All trading partners will benefit from Flowcasting. When implemented correctly, the benefits are far reaching. Retailers no longer need separate forecasting and replenishment systems for their stores and Regional Distribution Centers (RDCs). One common system manages inventory in both stores and RDCs and interfaces with suppliers on a daily basis. Retail distribution centers transform over time to cross-docking and repackaging facilities. Products arrive from supply sources and are repackaged when necessary in units of weekly store sales. One common system spans cross-organizational boundaries. Store operations, merchandising, buying, category management, distribution, finance and management would all be working from a common plan.
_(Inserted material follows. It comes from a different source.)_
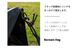 【KZM正規代理店】KZM OUTDOOR ヴェンタサンシェード ventta sun shade サンシェード ポップアップ ワンタッチ テント ピクニック アウトドア UVカット 撥水 防水 収納 軽量 シェードテント  おしゃれ キャンプ アウトドア ピクニック フェス 海 釣り 登山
For the manufacturer, business as usual will also change completely. The timeframe for the change would depend on the size of their retail and wholesale customers, and how rapidly those customers adopt. Over time, as more retailers adopt Flowcasting, the manufacturer would gradually transform from a manufacture-to-stock (MTS) strategy to a manufacture-to-order (MTO) strategy for much of their business while realizing the economic and productivity benefits that derive from the MTO approach. Gone would be the uncertainty of demand, associated safety stocks, and associated warehousing and operating costs as well as last minute and very costly production schedule changes and expedited transportation. For both retailers and manufacturers, supply chain-wide inventory investment would drop significantly for those retail supply chain partners that adopt the new way of doing business.